Şu anda Gölbaşı'ndaki süreç inanıyorum ki birçok şeyleri ortaya çıkaracaktır. Bu eteklerden çok taşlar dökülecek. Daha henüz bunlar bitmedi. Bunun arkası gelecek. Ben inanıyorum bunların arkası geldiğinde Türkiye’de huzur ortamı yakalanacak” şeklinde konuştu.
“SİYASETTEN NASİBİNİ ALMIŞ BİR İNSAN BU İFADEYİ KULLANMAZ”
Cumhurbaşkanı Erdoğan, Selahattin Demirtaş’ın Cizre olayları ile ilgili açıklamalarını hatırlatılması üzerine ise şunları söyledi:
“Siyaseti bilen bir insan, siyasetten nasibini almış bir insan bu ifadeyi kullanamaz. Bu beyefendi mensubu olduğu partinin belediyelerinin araçlarının nasıl hendekler kazdığını ve bu kazdıkları hendeklerden nasıl tekrar arıza yaptığı diyerek ödenekler aldıklarını, belediyeleri hangi anlayışlarla yönettiklerini masaya yatırsınlar. Bunlar biliniyor.
Şu anda Türkiye’de ikide bir söylenen ve bizim ısrarla takipçisi olduğumuz bir çözüm süreci var. Bu sürecin lafta tarafında gibi görünüp, bu süreci çözümsüzlüğe uğratmak için ellerinden geleni yapıyorlar.
Bunların çok yüzü var. Cizre’de bu hendekleri kazanlar oradaki belediyeler vasıtasıyla bunlar yapılıyor. Orada başında olduğu partinin belediyesi var. Bunu nasıl izah edebilirsin. Orada insanlar tehdit altında. Bunlar tehdidi devletten mi alıyorlar?
Devlet oraya araç gereçleri ile gittiğinde bunları kimler taşlıyor, molotof kokteyli atıyor. Devletin elemanları mı atıyor? Yakalanıp tutuklananlar kimlerin elemanları hepsi çıkıyor ortaya.

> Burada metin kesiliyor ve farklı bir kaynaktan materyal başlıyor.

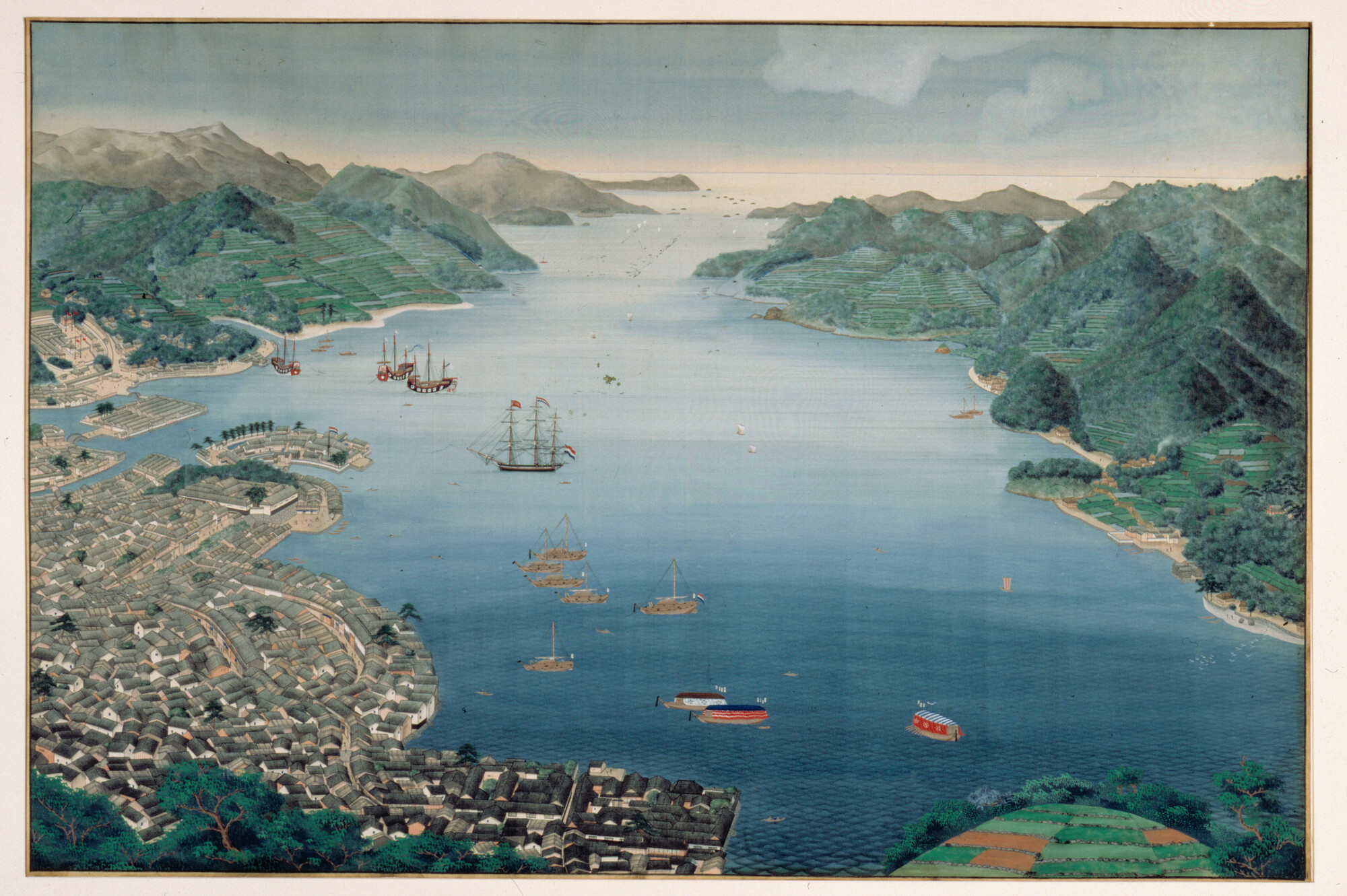 A.2714; De baai van Nagasaki met het eiland Deshima; tekening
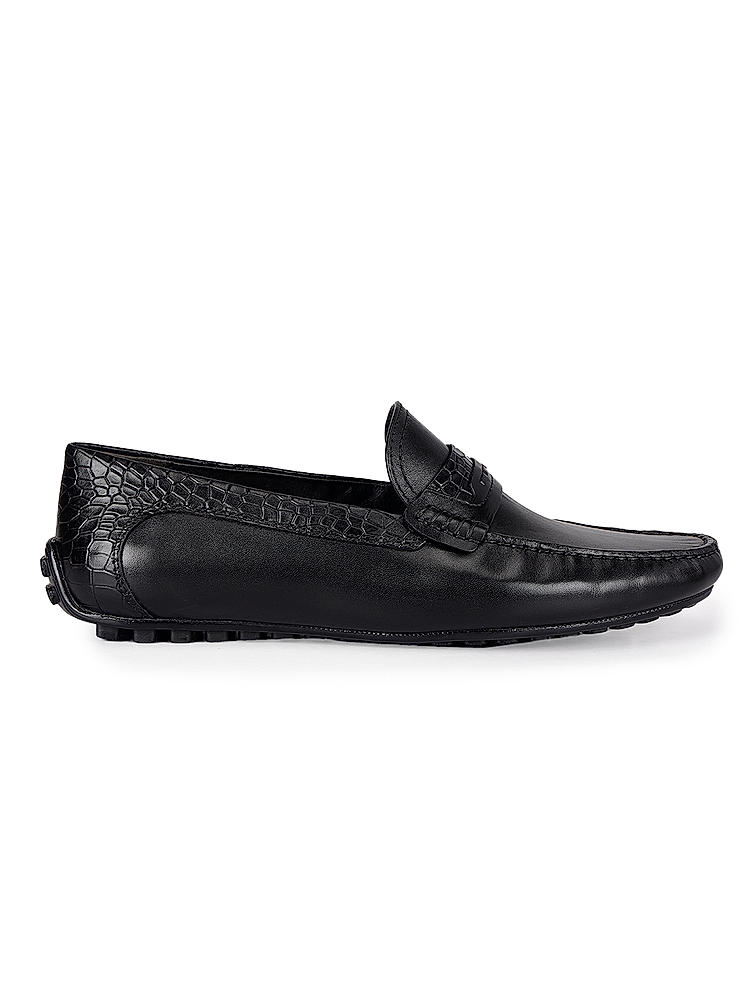 Black Leather Moccasins With Panel On Top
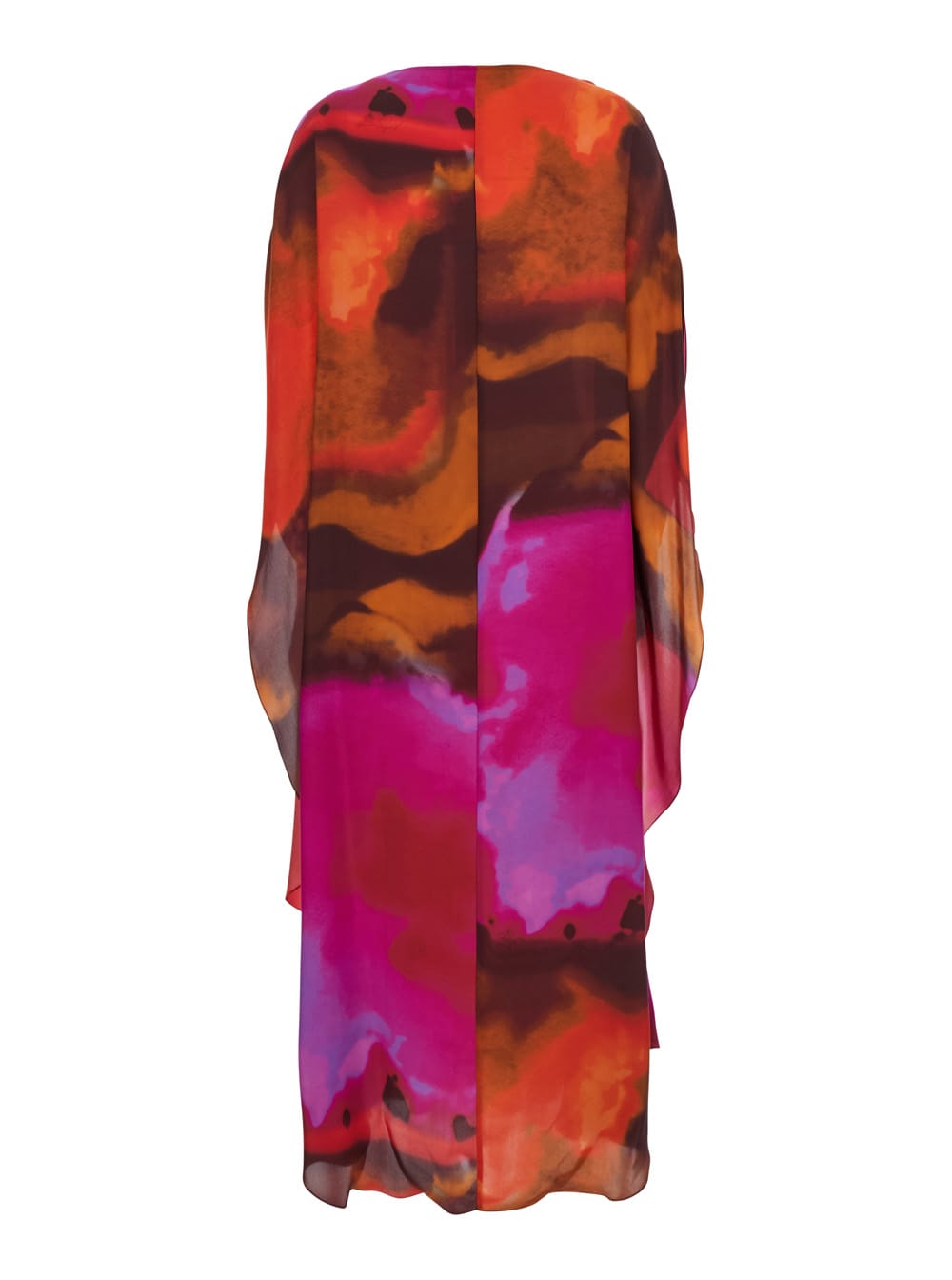 Gianluca Capannolo Iris Multicolor Long Dress With Boat Neckline In Multicolor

Bunları da çocuklara yaptırıyorlar.
Şimdi çıkacak yasayla bunların da önü kesilecek. İç güvenlik yasası tüm bunların önünü kesmeye yönelik. Temenni ederim ki bu yasa genel kuruldan geçtikten sonra iç huzurumuz sağlanmış olur.
Her şeyden önce bu beyefendi mensubu olduğu partide eşbaşkan sıfatıyla çok daha dikkatli konuşmalı. Bir yerde suçlu aramanın gayreti içinde olmaktan acaba bizde ne var diye kendisine bakması lazım.”